Forecasts of future energy independence in the United States aren’t hypothetical daydreams: Production is already on the rise in a big way. Combine that with increased energy efficiency and a decrease in U.S. energy imports and you can construct a bullish outlook for the economy.
Some forecasters already are. Strategists at Pavilion Global Markets pointed out that domestic U.S. oil production has risen 21 per cent in the past 12 monts, while imports have fallen 17 per cent – and they expect the trend to continue with improvements and advances in crude oil production technology, particularly fracking.
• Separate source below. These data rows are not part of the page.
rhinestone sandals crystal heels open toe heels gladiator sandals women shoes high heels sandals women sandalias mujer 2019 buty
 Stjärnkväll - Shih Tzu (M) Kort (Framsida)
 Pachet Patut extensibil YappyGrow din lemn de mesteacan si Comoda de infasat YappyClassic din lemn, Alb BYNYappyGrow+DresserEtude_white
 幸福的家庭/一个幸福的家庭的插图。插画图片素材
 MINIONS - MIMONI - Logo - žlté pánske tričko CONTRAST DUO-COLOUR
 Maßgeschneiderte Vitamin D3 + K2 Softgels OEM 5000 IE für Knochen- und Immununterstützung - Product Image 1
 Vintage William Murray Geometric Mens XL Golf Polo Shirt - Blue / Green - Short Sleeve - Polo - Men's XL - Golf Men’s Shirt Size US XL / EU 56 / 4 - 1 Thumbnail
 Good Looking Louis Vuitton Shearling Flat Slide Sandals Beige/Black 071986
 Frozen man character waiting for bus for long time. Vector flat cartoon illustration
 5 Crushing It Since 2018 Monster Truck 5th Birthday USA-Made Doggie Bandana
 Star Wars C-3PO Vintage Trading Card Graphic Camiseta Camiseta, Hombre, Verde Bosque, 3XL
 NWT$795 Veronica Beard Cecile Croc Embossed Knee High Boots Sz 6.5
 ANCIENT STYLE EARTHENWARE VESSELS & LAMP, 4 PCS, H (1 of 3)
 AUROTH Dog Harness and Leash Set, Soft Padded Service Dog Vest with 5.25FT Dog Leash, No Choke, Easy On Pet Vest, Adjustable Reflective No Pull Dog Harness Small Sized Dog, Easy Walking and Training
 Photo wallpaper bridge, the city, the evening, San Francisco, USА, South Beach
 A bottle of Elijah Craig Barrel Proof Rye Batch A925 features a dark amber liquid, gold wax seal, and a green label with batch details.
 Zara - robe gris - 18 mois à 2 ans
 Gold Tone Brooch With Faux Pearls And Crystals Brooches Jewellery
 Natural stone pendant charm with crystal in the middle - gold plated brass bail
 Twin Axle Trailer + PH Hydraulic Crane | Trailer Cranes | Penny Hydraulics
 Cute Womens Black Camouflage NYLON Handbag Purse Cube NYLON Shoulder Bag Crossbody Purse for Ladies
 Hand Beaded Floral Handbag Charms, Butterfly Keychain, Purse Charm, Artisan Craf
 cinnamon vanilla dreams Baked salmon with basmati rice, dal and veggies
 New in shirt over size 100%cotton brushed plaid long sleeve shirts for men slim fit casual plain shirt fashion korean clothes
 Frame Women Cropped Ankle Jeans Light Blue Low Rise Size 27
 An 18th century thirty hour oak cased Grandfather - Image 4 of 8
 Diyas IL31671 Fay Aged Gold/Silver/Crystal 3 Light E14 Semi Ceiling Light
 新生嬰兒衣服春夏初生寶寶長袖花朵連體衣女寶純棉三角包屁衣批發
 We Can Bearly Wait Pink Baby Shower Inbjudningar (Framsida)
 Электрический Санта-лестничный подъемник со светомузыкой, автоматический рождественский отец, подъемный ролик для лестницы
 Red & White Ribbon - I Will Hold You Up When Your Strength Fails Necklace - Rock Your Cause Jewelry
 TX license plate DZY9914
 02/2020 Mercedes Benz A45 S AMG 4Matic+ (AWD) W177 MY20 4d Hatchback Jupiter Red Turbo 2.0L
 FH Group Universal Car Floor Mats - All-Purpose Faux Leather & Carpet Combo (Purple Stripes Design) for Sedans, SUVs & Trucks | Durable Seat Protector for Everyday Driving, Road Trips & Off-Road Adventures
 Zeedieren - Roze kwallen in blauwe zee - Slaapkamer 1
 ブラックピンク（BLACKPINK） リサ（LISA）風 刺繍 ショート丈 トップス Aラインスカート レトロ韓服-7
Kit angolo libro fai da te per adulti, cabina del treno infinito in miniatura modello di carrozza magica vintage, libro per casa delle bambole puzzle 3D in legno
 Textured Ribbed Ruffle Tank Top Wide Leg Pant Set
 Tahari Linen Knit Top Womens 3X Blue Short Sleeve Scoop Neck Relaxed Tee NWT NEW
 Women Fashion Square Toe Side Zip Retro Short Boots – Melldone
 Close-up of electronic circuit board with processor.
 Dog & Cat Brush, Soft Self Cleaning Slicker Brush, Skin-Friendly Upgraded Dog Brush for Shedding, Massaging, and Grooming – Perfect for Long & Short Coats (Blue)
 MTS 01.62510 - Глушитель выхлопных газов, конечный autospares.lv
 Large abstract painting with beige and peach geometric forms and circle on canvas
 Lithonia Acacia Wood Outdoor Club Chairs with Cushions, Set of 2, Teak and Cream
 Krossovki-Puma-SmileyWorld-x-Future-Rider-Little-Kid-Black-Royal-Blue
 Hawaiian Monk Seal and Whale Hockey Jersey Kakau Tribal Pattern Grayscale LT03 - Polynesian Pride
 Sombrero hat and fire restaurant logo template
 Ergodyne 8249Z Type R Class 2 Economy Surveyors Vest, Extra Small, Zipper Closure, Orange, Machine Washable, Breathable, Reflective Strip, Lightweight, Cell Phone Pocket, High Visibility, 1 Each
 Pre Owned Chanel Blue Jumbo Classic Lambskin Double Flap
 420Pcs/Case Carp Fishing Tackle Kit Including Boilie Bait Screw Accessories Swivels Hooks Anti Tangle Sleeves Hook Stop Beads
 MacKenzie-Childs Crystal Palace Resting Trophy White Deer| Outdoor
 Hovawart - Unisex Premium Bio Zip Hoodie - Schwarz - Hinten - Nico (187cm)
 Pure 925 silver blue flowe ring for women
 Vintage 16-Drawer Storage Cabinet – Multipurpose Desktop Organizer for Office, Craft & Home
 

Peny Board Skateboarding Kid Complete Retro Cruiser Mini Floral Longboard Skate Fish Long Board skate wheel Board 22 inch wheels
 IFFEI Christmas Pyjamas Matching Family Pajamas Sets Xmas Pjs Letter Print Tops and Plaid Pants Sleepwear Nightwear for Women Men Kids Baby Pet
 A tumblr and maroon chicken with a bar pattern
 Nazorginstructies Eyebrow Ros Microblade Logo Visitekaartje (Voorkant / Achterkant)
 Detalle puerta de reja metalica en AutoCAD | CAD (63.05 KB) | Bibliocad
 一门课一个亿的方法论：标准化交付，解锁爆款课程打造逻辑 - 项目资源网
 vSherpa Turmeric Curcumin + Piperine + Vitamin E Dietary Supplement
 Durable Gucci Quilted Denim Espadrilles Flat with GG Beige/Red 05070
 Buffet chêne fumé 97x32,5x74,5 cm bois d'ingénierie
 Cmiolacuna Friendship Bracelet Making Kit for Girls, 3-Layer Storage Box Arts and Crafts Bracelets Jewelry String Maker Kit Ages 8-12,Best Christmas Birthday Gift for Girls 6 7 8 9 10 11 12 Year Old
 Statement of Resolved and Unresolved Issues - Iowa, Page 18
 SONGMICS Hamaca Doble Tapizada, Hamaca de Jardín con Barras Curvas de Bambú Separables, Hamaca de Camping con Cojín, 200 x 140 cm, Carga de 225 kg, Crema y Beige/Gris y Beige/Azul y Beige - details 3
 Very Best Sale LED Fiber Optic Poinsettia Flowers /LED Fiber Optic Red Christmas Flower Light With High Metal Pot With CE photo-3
While the U.S. energy industry might look like an obvious place for investors to look for opportunities here, energy stocks haven’t exactly wowed anyone yet: The S&P 500 energy index is up just 4.6 per cent over the past 12 months, trailing the 12 per cent return for the broader index.
But the benefits of rising energy independence could be broader. As the current account deficit decreases, competitiveness increases. From Pavilion: “Cheaper, domestically produced oil translates to reduced shipping and manufacturing costs (which increase competitiveness), reduced heating and cooling bills, and improves the auto market,” the strategists said in a note.
“The U.S.’s ability to reduce these types of costs, particularly in manufacturing, will contribute to the economy’s ongoing improvements in competitiveness. When considering the exchange rate and unit labour costs, it is currently 14 per cent cheaper to manufacture in the United States now than it was in 2005. In comparison, it is 21 per cent more expensive to manufacture in Canada. Interestingly, the U.S.’s cost competitiveness has improved at the same rate as Germany’s, the country that is often heralded for its exemplary labour cost control.”
Ed Yardeni, president and chief investment strategist of Yardeni Research, has a similar view. In his latest note to clients, he again stirs up his ongoing debate with Robert Gordon, the Northwestern University professor who has argued that U.S. economic growth has a dismal future.
Mr. Gordon believes that growth will fall to, at best, half its historic rate of 2 per cent a year – with new inventions failing to provide the sort of boosts provided by some of big developments since 1875: The electric light bulb, indoor plumbing, the telephone, the airplane and computers.
Mr. Yardeni, on the other hand, dismisses Mr. Gordon as a modern-day Malthus, arguing that new drilling technologies and cheaper U.S. energy could spur a “fourth revolution.”
“The surprise might be that the future is bright,” Mr. Yardeni reiterates from an earlier argument. “Could it be that we are in the early stages of yet another great bull market in stocks, but are too depressed to know it?”